Les ententes de partenariat décrivent les engagements et obligations des établissements de santé et des partenaires privés. Qui paye quoi ? Qui doit assumer quelle responsabilité ? Etc.
Au milieu des années 2000, lorsque le gouvernement Charest tentait de convaincre les Québécois que les PPP étaient une bonne idée, la ministre Monique Jérôme-Forget avait promis que ces accords seraient publics.
Les accords du CHUM et du CUSM ont été retirés du web sous le gouvernement Couillard, qui avait promis, au lendemain de son élection, d’être « le gouvernement le plus transparent que les Québécois auront connu ».

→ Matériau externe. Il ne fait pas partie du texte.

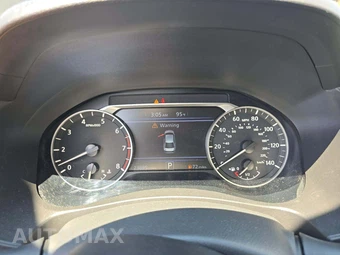 2025 Nissan Altima SV - miniatura 9
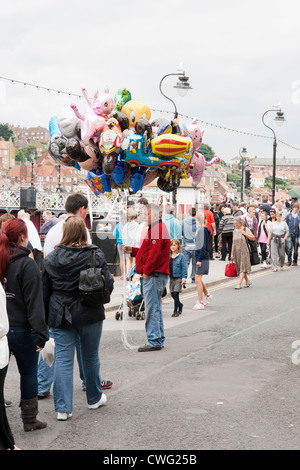 Whitby - Yorkshire du nord un ballon vendeur pendant la Régate Banque D'Images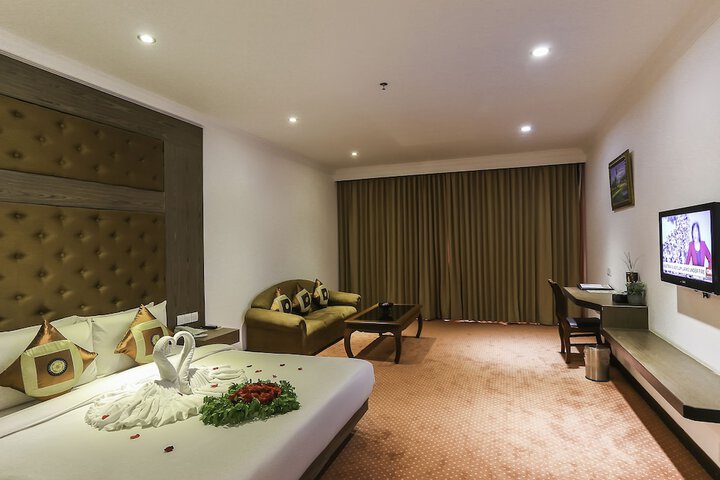 Room 9 of 65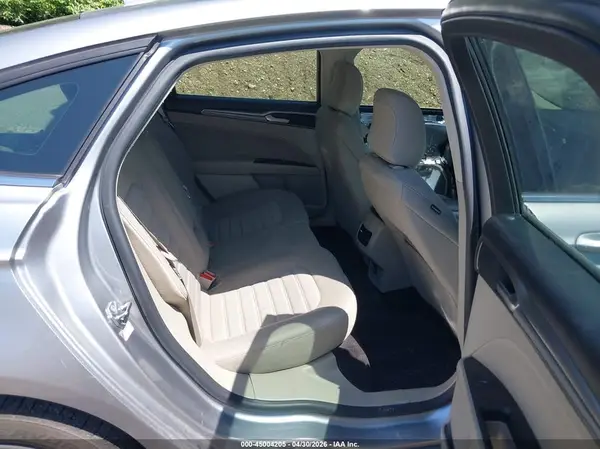 3FA6P0HDXLR249235 2020 FORD FUSION - Image 8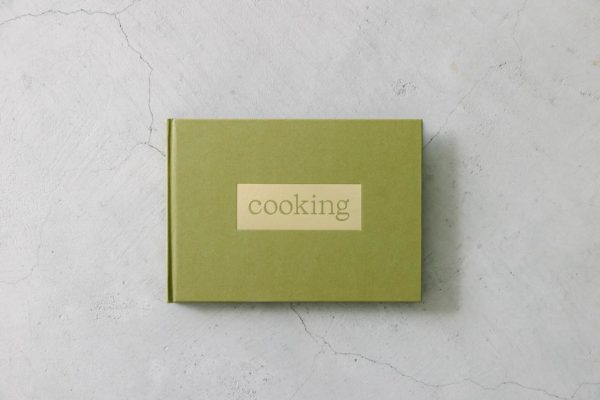 空耳カメラ写真展・山崎亮子料理本『cooking』発売 サムネイル
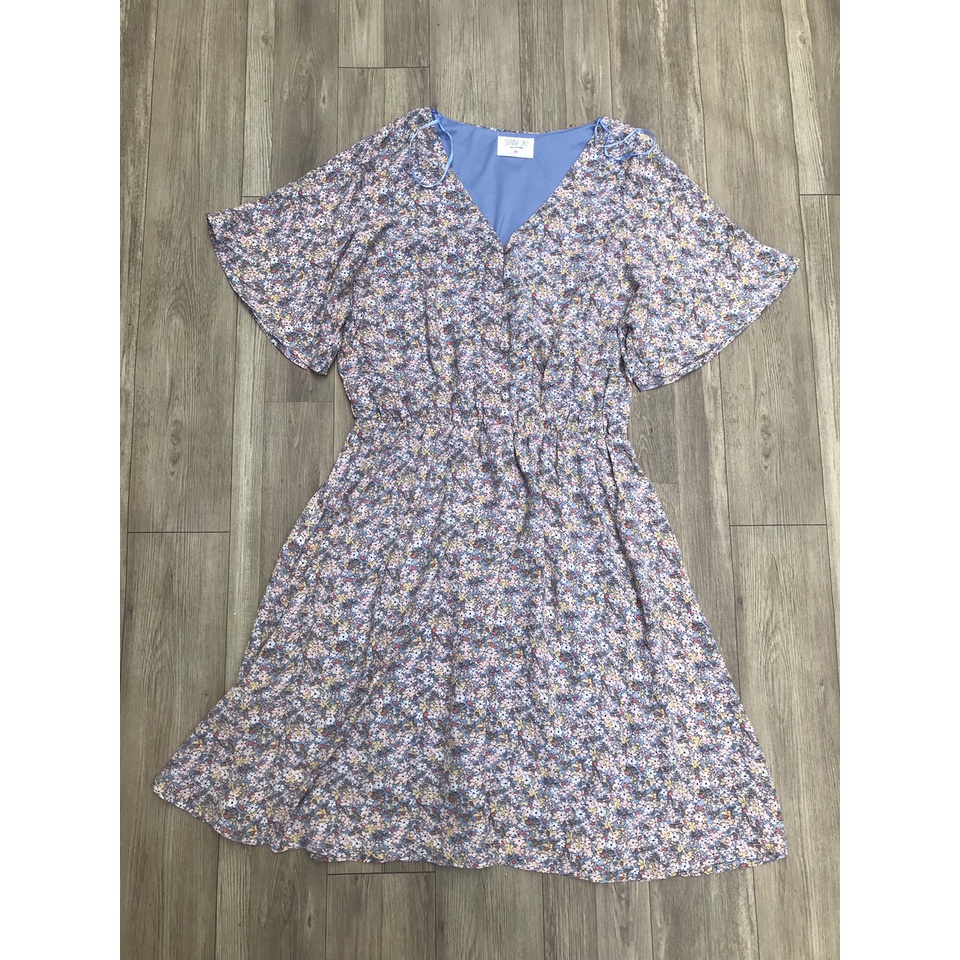 Đầm voan cổ V hoạ tiết hoa nhí SiennaSky xuất khẩu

Une clause des ententes de partenariat public-privé permet au CHUM (ci-dessus), au CUSM (ci-dessous) et à Infrastructure Québec de divulguer l’accord sur le web, ce qui n’a pas empêché qu’on les retire depuis plus de deux ans.
« Je ne comprends pas »
Jointe par notre Bureau d’enquête, l’ex-ministre Forget a fait part de son incompréhension, sans commenter directement le retrait des accords du web.
« Je ne comprends pas, je ne sais pas pourquoi. J’ai toujours eu la réputation de donner l’heure juste, mais dans ce cas-ci, je ne sais pas », dit celle qui se dit toujours une ardente défenseure des PPP.

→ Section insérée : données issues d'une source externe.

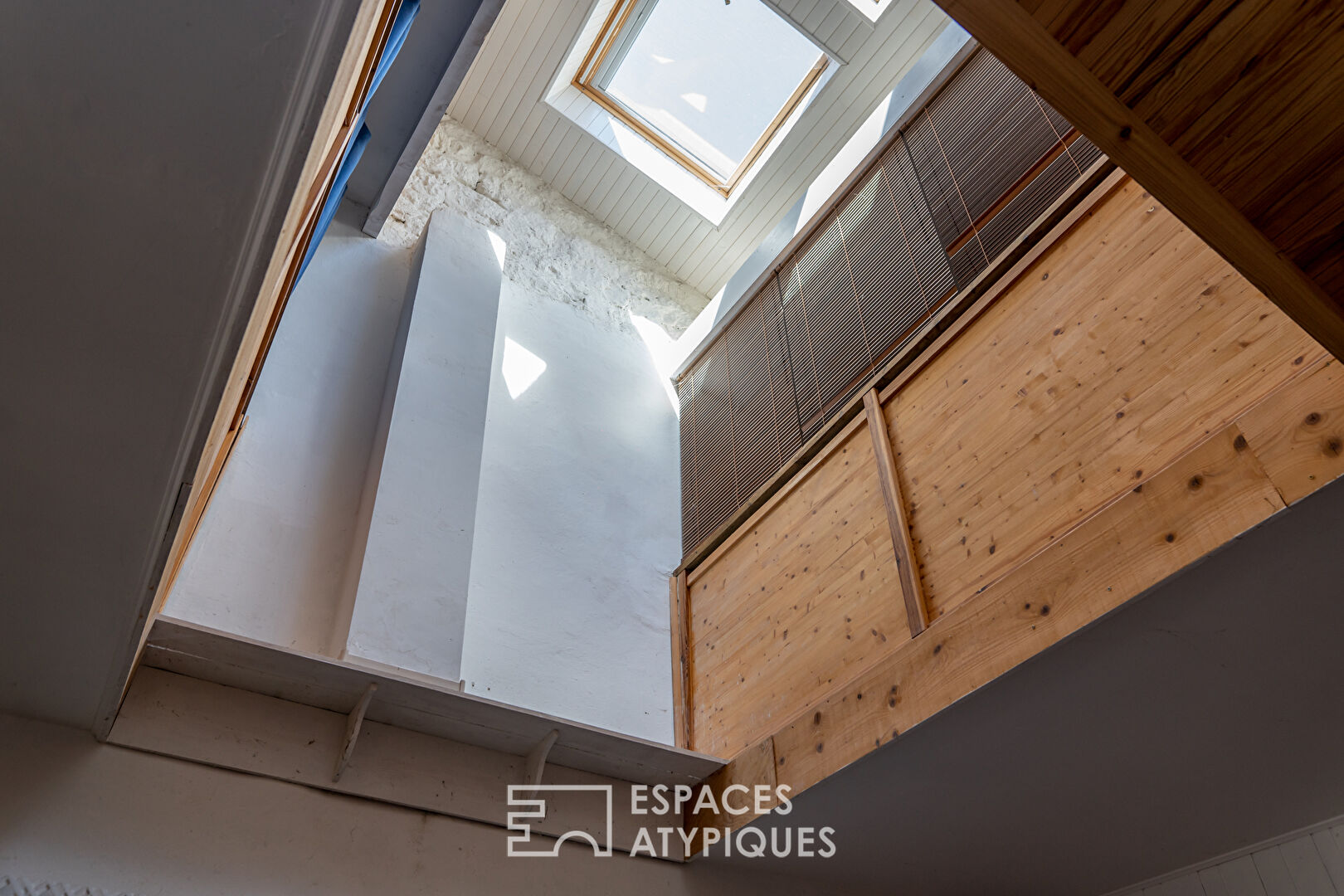 Exceptionnel en Ardèche verte cet hôtel particulier du 17ème siècle est  propice à de nombreux projets.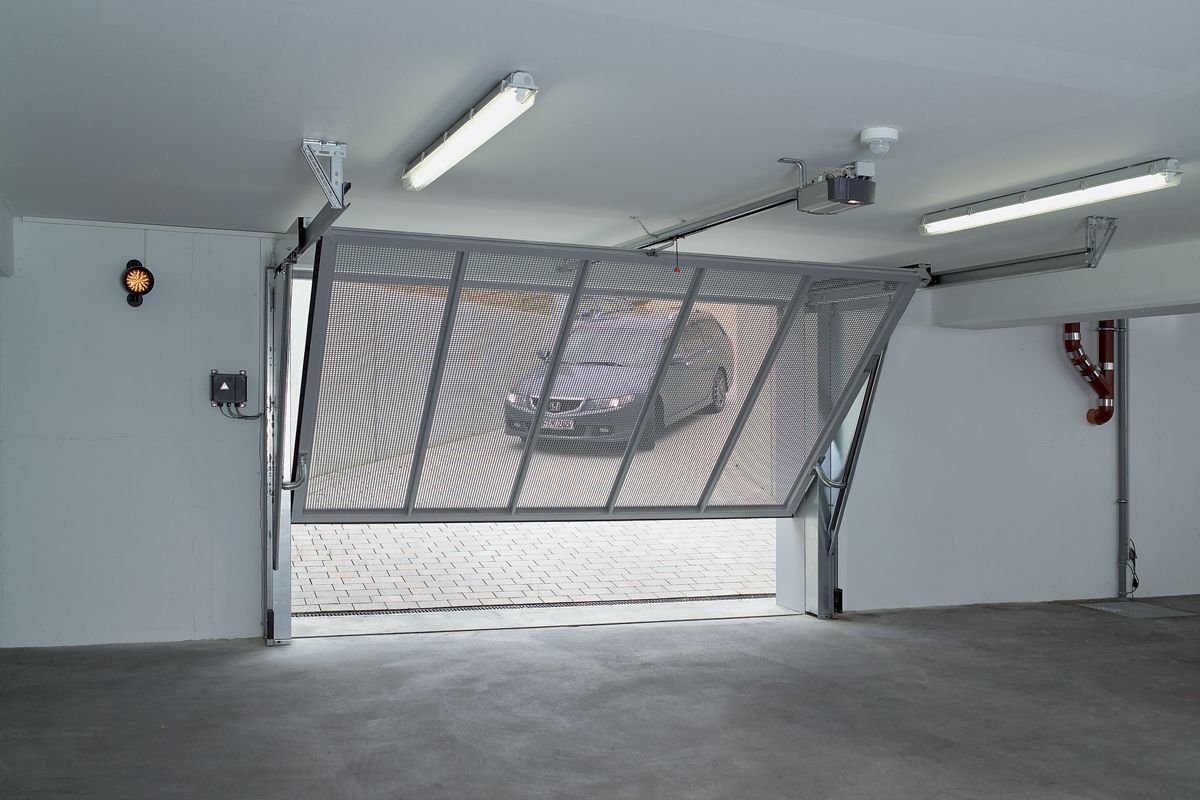 Comment changer serrure de porte garage basculante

Pour ce qui est de l’importance de la transparence du processus, elle nous a indiqué de nous référer à ce qu’elle avait dit durant ses années comme présidente du Conseil du Trésor.
Le président de la Fédération de la santé et des services sociaux de la CSN, Jeff Begley, est beaucoup plus critique.
« George Orwell [un écrivain et journaliste britannique] serait fier du gouvernement Couillard. Je n’ai jamais vu autant d’opacité », dit-il.
Pas de responsable
Ce dernier déplore le fait que le gouvernement n’a pas respecté l’engagement qu’il avait pris sur la transparence. Il n’a donc pas été étonné d’apprendre que les ententes sur les PPP du CHUM et du CUSM avaient été retirées du web.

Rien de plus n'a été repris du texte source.